A new method, getObject(int columnIndex, Class<T> type) is available. With this method, you specify the required return type. The common types such as String, Integer, byte[] are supported, as well as new types that can be used for DATE, TIME, TIMESTAMP, and INTERVAL values. The table below shows which Java classes are the most appropriate for the specified SQL TYPES. In addition, you can use these Java types for values of SQL type that are not fully matched. For example, java.time.LocalDateTime can be used to retrieve a DATE value.

java.util.UUID = UUID
java.time.LocalDate = DATE
java.sql.Date = DATE
java.time.LocalTime = TIME
java.sql.Time = TIME
java.time.LocalDateTime = TIMESTAMP
java.sql.Timestamp = TIMESTAMP
java.time.OffsetTime = TIME WITH TIME ZONE
java.time.OffsetDateTime = TIMESTAMP WITH TIME ZONE
java.time.Duration = INTERVAL MONTH, INTERVAL YEAR, INTERVAL YEAR TO MONTH
java.time.Period = INTERVAL SECOND, INTERVAL MINUTE, INTERVAL HOUR, INTERVAL DAY, and their range combinations
java.sql.Array = all ARRAY

Cursor Declaration

The DECLARE CURSOR statement is used within an SQL PROCEDURE body. In the current version of HyperSQL, the cursor is used only to return a result set from the procedure. Therefore, the cursor must be declared WITH RETURN and can only be READ ONLY.

DECLARE CURSOR

declare cursor statement

<declare cursor> ::= DECLARE <cursor name>

[ { SENSITIVE | INSENSITIVE | ASENSITIVE } ] [ { SCROLL | NO SCROLL } ]
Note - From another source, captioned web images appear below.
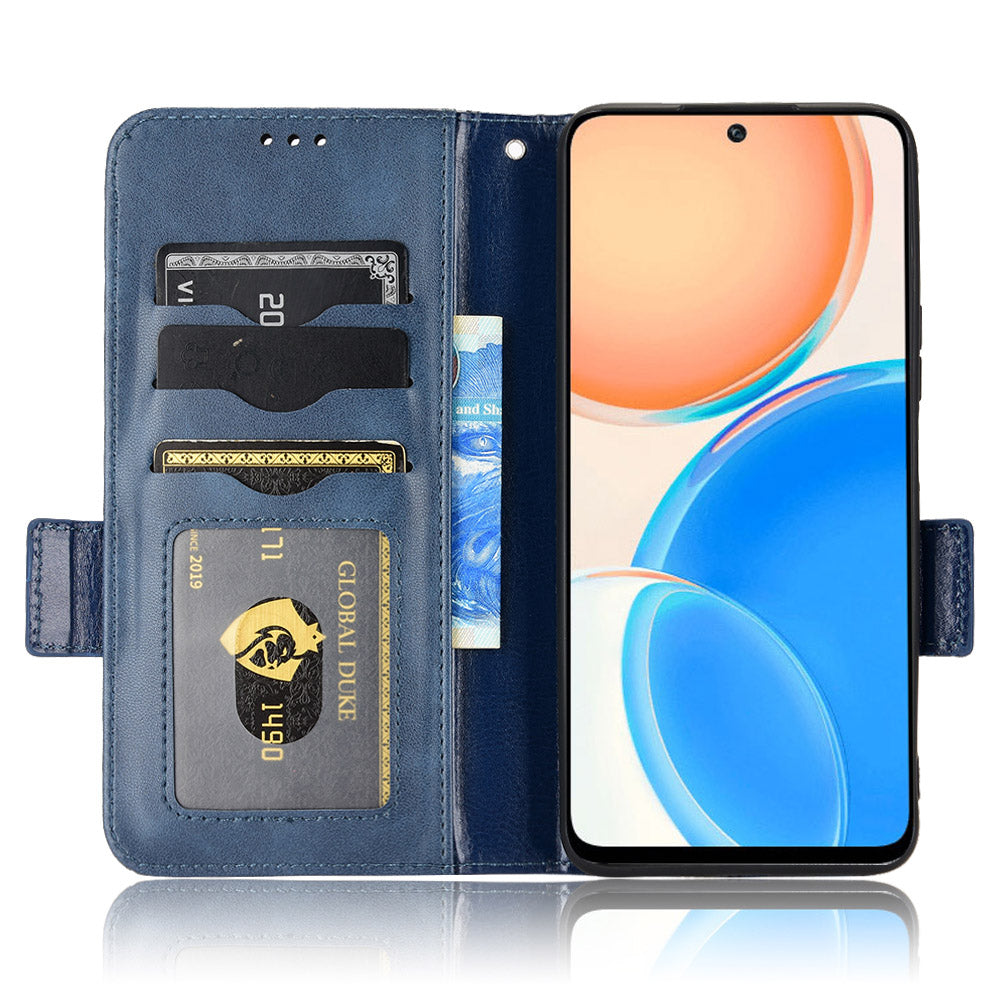 For Honor X8 5G Triangle Pattern Imprinted Flip Stand Wallet Leather Phone Case Shockproof Cover with Strap
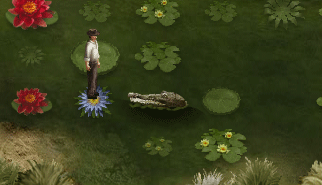 Swamp Escape: salti, coccodrilli, rane, fiori
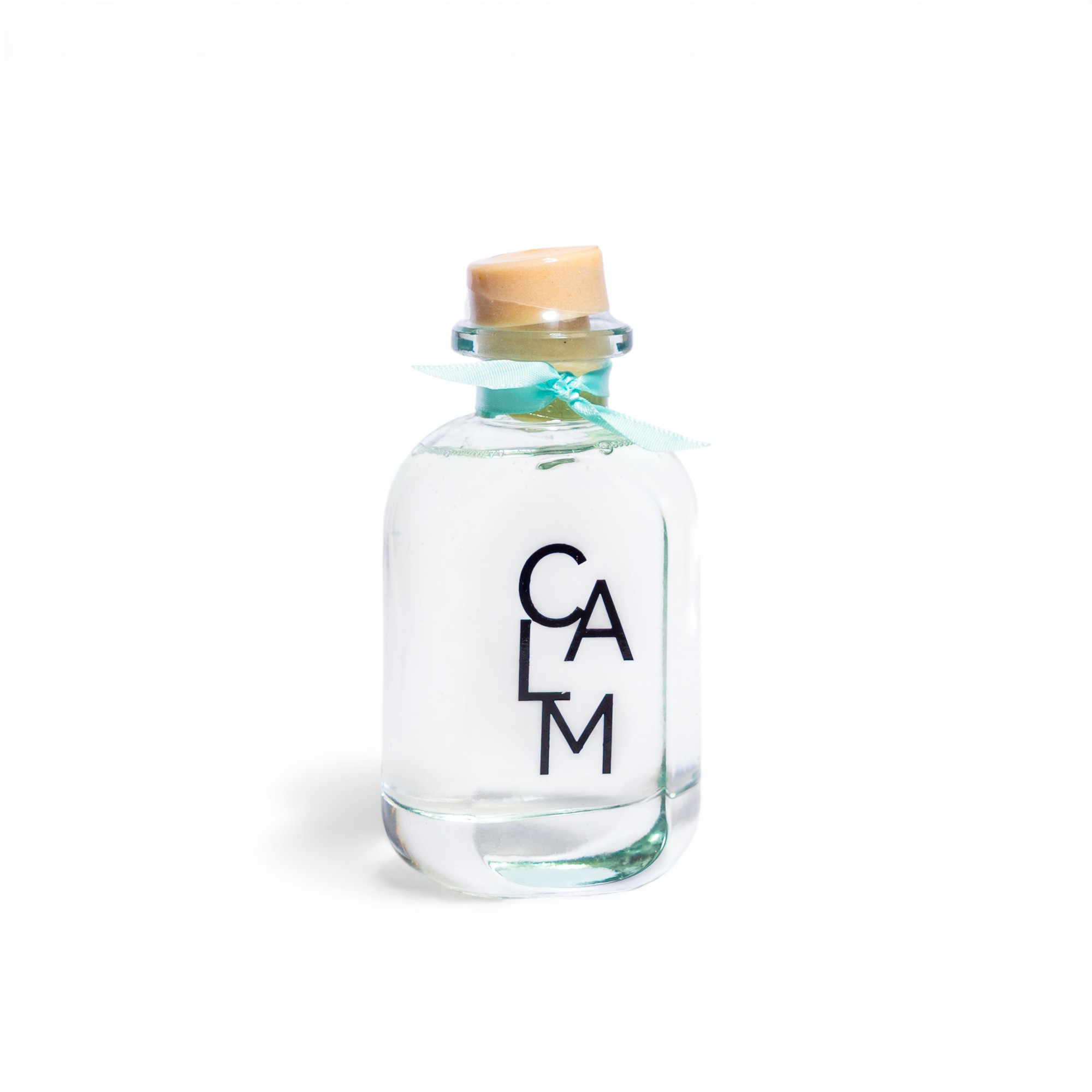 Calm Decorative Glass Bottle with Cork and Turquoise Ribbon - Home Organization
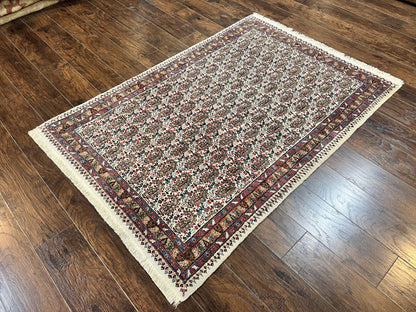 Persian Rug 4x6, Mashad Kashmar Rug, Boteh Paisley Design, Allover Repeated Pattern, Ivory Hand Knotted Vintage Semi Antique Persian Oriental Carpet - Nuvé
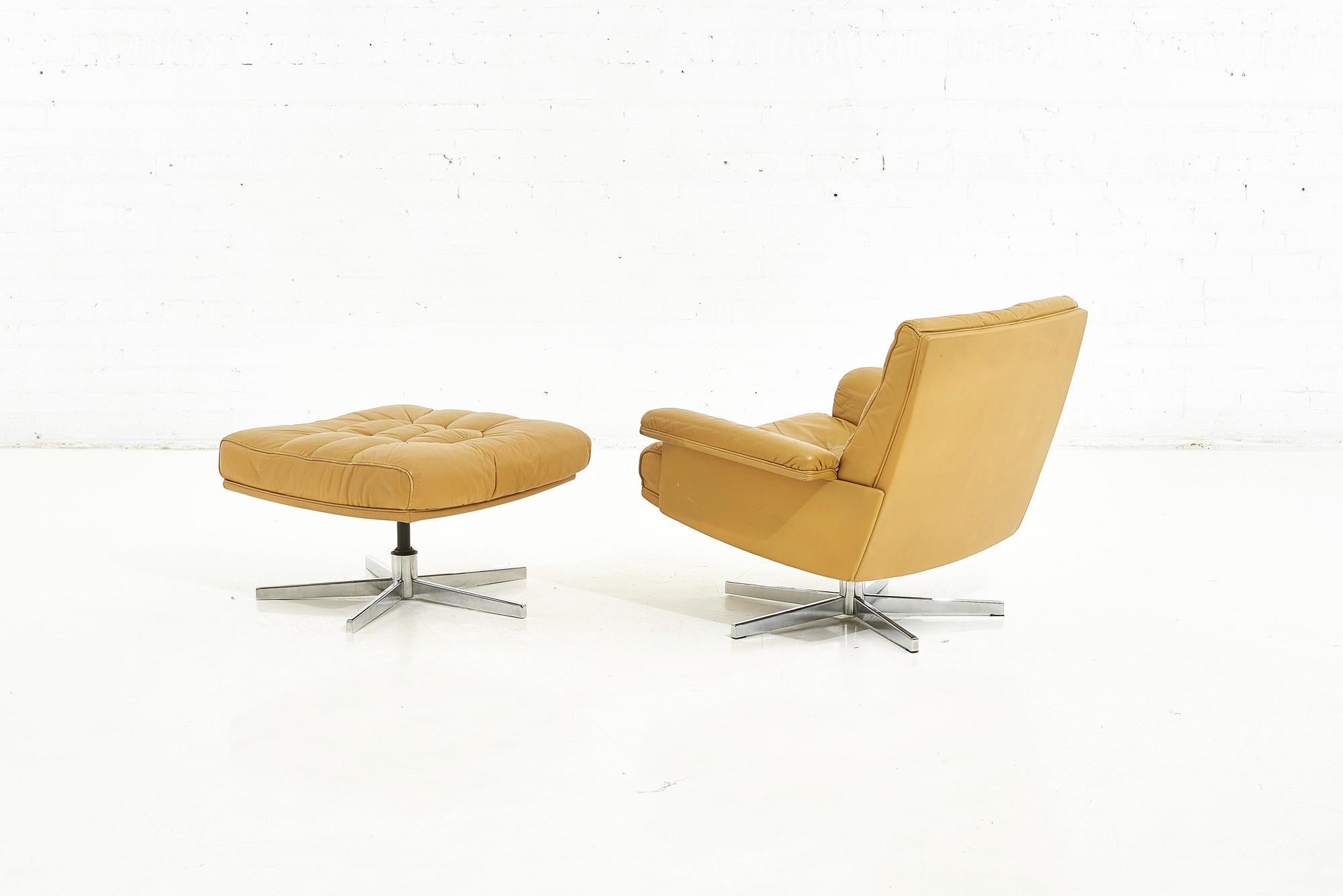 Mid-Century Modern De Sede DS 35 Swivel Chair and Ottoman, Robert Haussmann Switzerland, 1970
CURSOR [ { WITH HOLD | WITHOUT HOLD } ] [ { WITH RETURN | WITHOUT RETURN } ]

FOR <query expression>

[ FOR { READ ONLY | UPDATE [ OF <column name list> ] } ]

The query expression is a SELECT statement or similar, and is discussed in the rest of this chapter. In the example below a cursor is declared for a SELECT statement. It is later opened to create the result set. The cursor is specified WITHOUT HOLD, so the result set is not kept after a commit. Use WITH HOLD to keep the result set. Note that you need to declare the cursor WITH RETURN as it is returned by the CallableStatement.

 DECLARE thiscursor SCROLL CURSOR WITHOUT HOLD WITH RETURN FOR SELECT * FROM INFORMATION_SCHEMA.TABLES;
 --
 OPEN thiscursor;

Syntax Elements

The syntax elements that can be used in data access and data change statements are described in this section. The SQL Standard has a very extensive set of definitions for these elements. The BNF definitions given here are sometimes simplified.

Literals

Literals are used to express constant values. The general type of a literal is known by its format. The specific type is based on conventions.

unicode escape elements

unicode escape elements

<Unicode escape specifier> ::= [ UESCAPE <quote><Unicode escape character><quote> ]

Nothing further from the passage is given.